HOW TO COMPLETE THIS TASK. The line with "For Sharp Aquos" marks the start; please set it down along with all later lines through the end of the material, exactly, leaving out pictures.

DATA TO PROCESS.
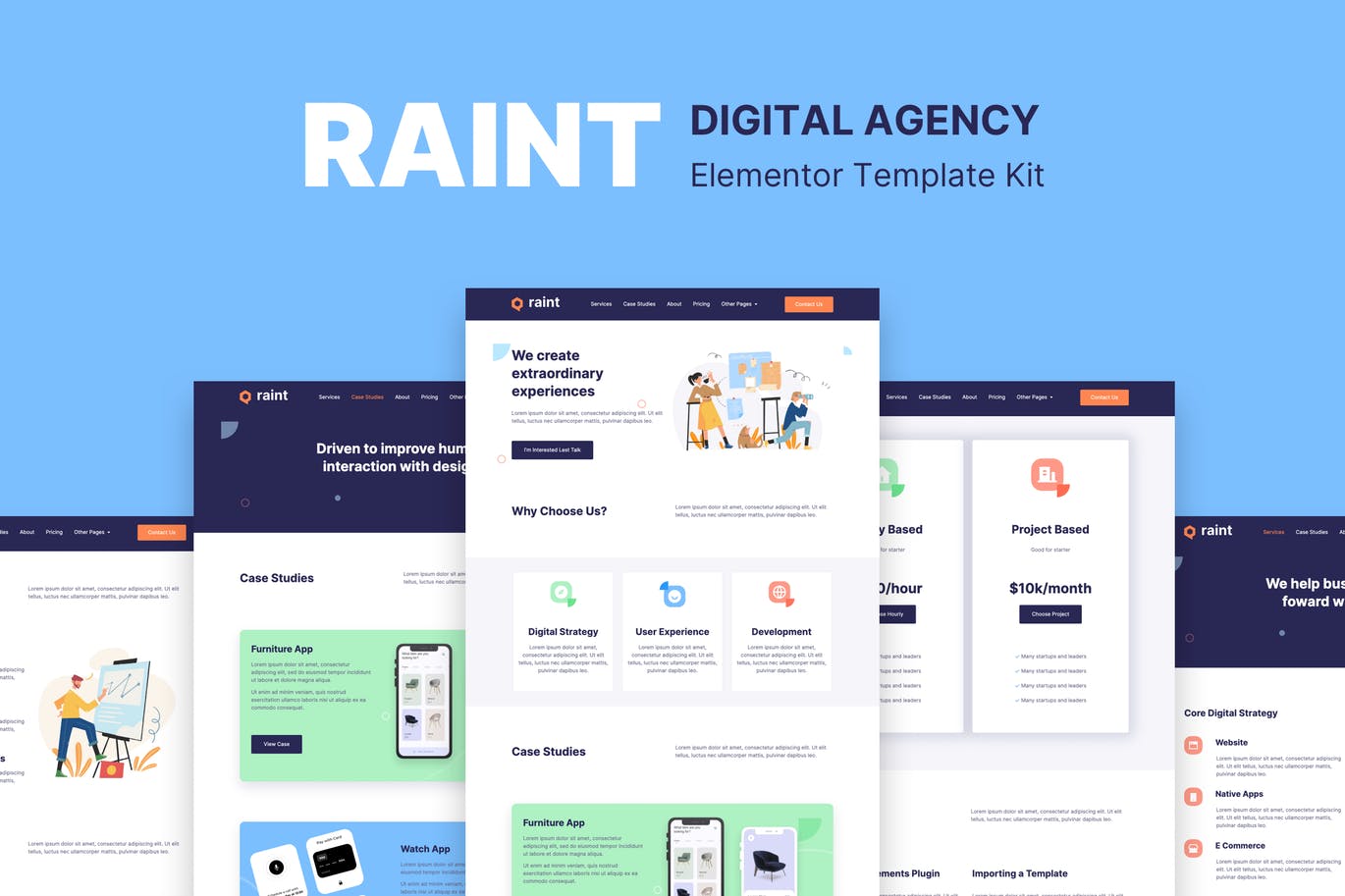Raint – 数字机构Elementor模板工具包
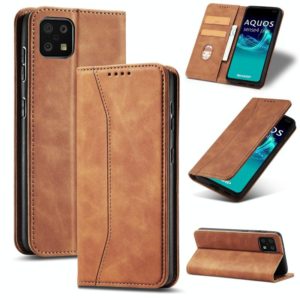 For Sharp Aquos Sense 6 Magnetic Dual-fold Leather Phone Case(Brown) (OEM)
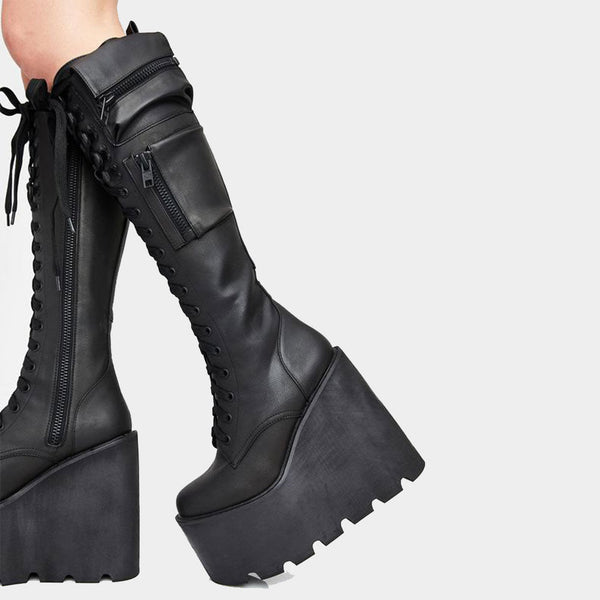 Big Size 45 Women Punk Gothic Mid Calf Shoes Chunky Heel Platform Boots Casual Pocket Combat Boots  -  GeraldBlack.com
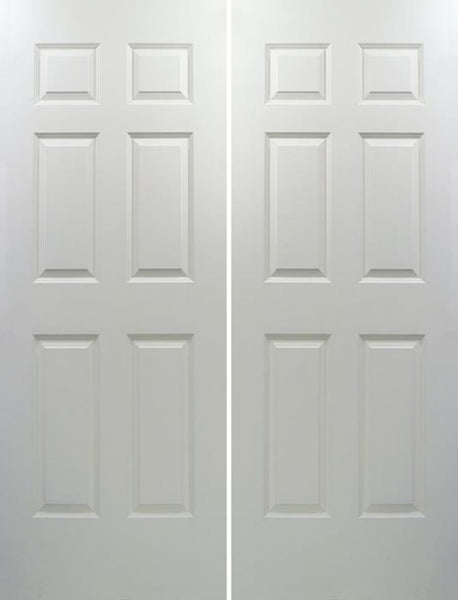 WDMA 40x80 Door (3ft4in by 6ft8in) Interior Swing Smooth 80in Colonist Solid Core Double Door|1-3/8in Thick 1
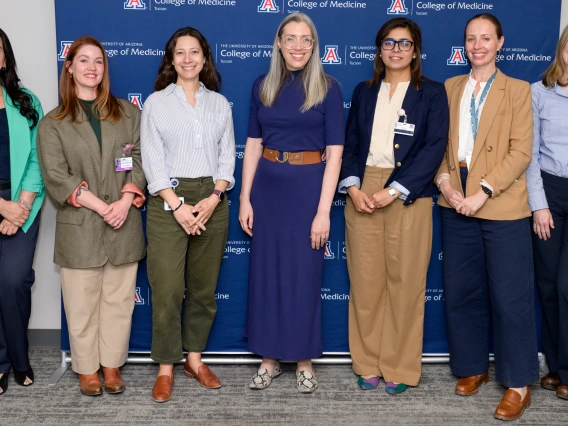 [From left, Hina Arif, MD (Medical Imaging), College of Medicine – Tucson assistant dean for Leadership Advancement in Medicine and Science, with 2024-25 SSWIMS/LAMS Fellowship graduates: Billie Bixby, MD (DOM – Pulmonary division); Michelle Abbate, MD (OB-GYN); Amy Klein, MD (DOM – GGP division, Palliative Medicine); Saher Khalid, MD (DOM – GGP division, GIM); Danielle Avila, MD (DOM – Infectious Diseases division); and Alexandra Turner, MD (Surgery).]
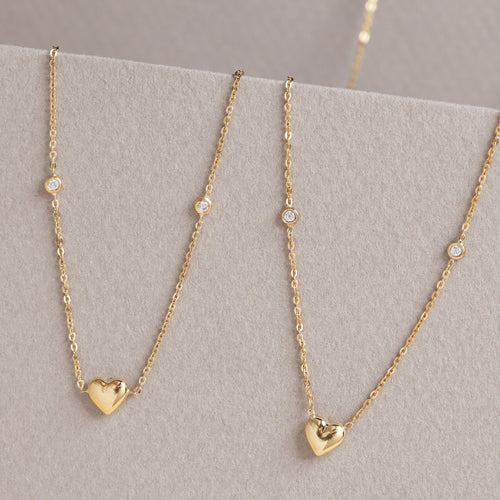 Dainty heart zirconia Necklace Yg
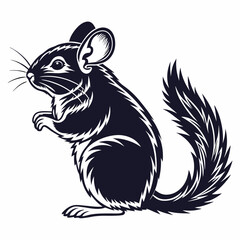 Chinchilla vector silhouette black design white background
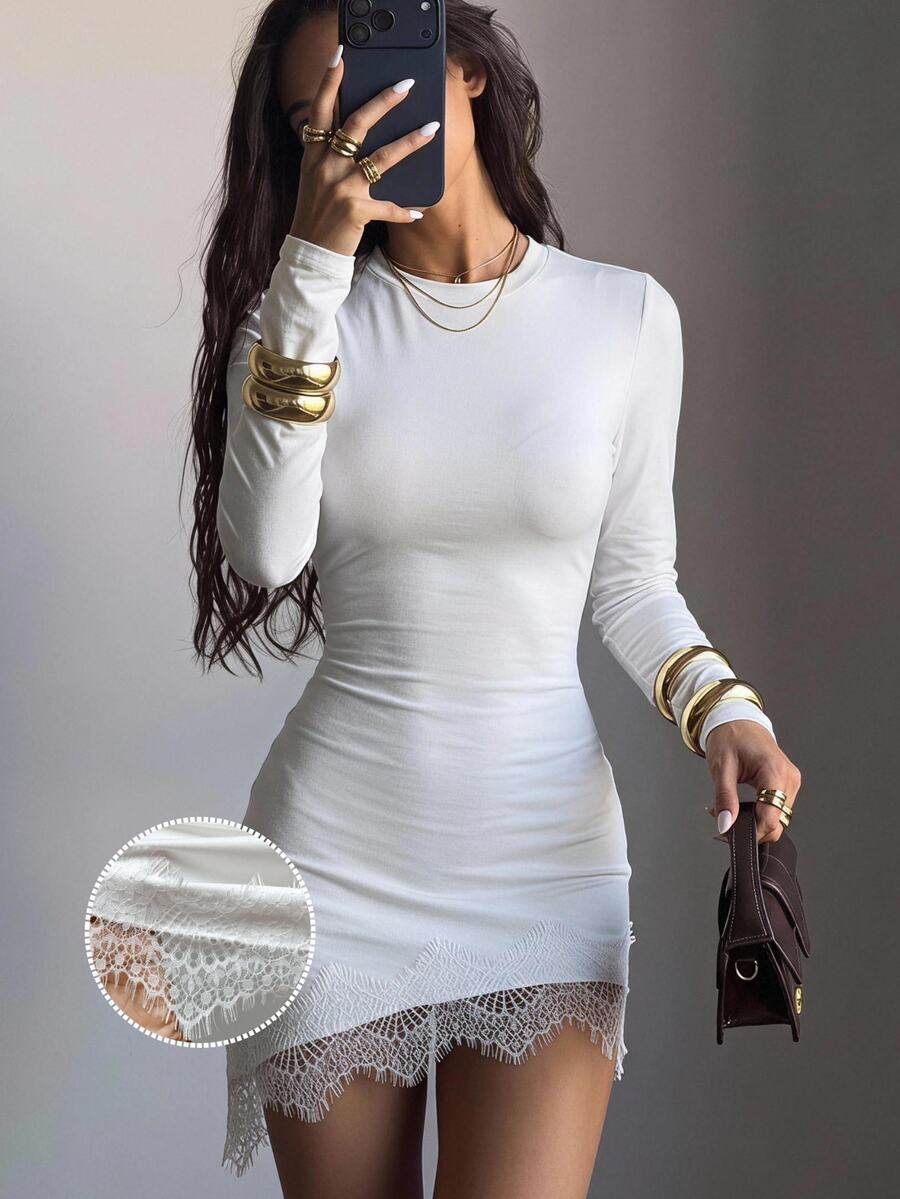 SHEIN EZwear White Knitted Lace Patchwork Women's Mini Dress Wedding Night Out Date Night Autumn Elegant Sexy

EXPECTED OUTPUT.
 For Sharp Aquos Sense 6 Magnetic Dual-fold Leather Phone Case(Brown) (OEM)
 Big Size 45 Women Punk Gothic Mid Calf Shoes Chunky Heel Platform Boots Casual Pocket Combat Boots  -  GeraldBlack.com
 WDMA 40x80 Door (3ft4in by 6ft8in) Interior Swing Smooth 80in Colonist Solid Core Double Door|1-3/8in Thick 1
 [From left, Hina Arif, MD (Medical Imaging), College of Medicine – Tucson assistant dean for Leadership Advancement in Medicine and Science, with 2024-25 SSWIMS/LAMS Fellowship graduates: Billie Bixby, MD (DOM – Pulmonary division); Michelle Abbate, MD (OB-GYN); Amy Klein, MD (DOM – GGP division, Palliative Medicine); Saher Khalid, MD (DOM – GGP division, GIM); Danielle Avila, MD (DOM – Infectious Diseases division); and Alexandra Turner, MD (Surgery).]
 Dainty heart zirconia Necklace Yg
 Chinchilla vector silhouette black design white background
 SHEIN EZwear White Knitted Lace Patchwork Women's Mini Dress Wedding Night Out Date Night Autumn Elegant Sexy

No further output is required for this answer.